# Photo overload of my boys



## Michelle (Nov 16, 2009)

If there's mud he's drawn right to it, muddy poodle=happy poodle


A couple other random photos




Thanks for looking, I hope you all have a happy holiday!!


----------



## Nicofreako (Aug 19, 2013)

Wonderful photos!

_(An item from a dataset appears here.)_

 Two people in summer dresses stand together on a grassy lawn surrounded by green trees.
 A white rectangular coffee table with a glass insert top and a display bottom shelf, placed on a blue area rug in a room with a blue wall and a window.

I have missed seeing your boys!


----------



## hopetocurl (Jan 8, 2014)

I love these guys!


----------



## Chagall's mom (Jan 9, 2010)

What a wonderful, fun duo Atticus and Yuki make! :dog: :dog: It just doesn't get any better than that.


----------



## Sharakin54 (Nov 1, 2014)

They are adorable


----------



## MollyMuiMa (Oct 13, 2012)

What happy adorable faces they have!!! Cute cute cute !!!


----------



## Axeldog (Aug 29, 2014)

Love your boys!

Love how Yuki sits kinda lopsided and puppy-like. Just want to hug him!


----------



## Poodlerunner (Jul 4, 2014)

Cuteness overload. Can't take it. 

pr


----------



## Lou (Sep 22, 2012)

Beautiful !!!! They are beautiful!!


----------



## Michelle (Nov 16, 2009)

Thank you everyone!! I'll pass your compliments on to them


----------



## ArreauStandardPoodle (Sep 1, 2009)

Awww....what a handsome pair of dudes! They are adorable together!


----------



## Mfmst (Jun 18, 2014)

Adorable pictures! Yuki's story was one of my favorite happy endings of 2014. He's grown into such a handsome boy. Atticus cannot get any cuter. They seem to be great friends.


----------



## Manxcat (May 6, 2013)

Oh Michelle, they're absolutely wonderful!! I have to admit to a real soft spot for Atticus though...


----------



## Tiny Poodles (Jun 20, 2013)

What an adorable pack you have!


----------



## Poodlebeguiled (May 27, 2013)

LOVE your photos. It's so nice when they're such good friends. What a happy duo they make. They're so very cute. Thanks for sharing those wonderful pictures!


----------



## LEUllman (Feb 1, 2010)

You can't possibly post too many photos of Yuki and Atticus -- lay 'em on us!


----------



## Michelle (Nov 16, 2009)

Thanks again everyone!


----------



## Locket (Jun 21, 2009)

Cutest boys ever!

Yuki has such awesome ears!! And fuzzy Atticus face is perfect.


----------



## jlf45764 (Oct 6, 2013)

Yuki and Atticus are so adorable! I loved your pics of them, there can never be to many pictures! Gorgeous boys! :love2:


----------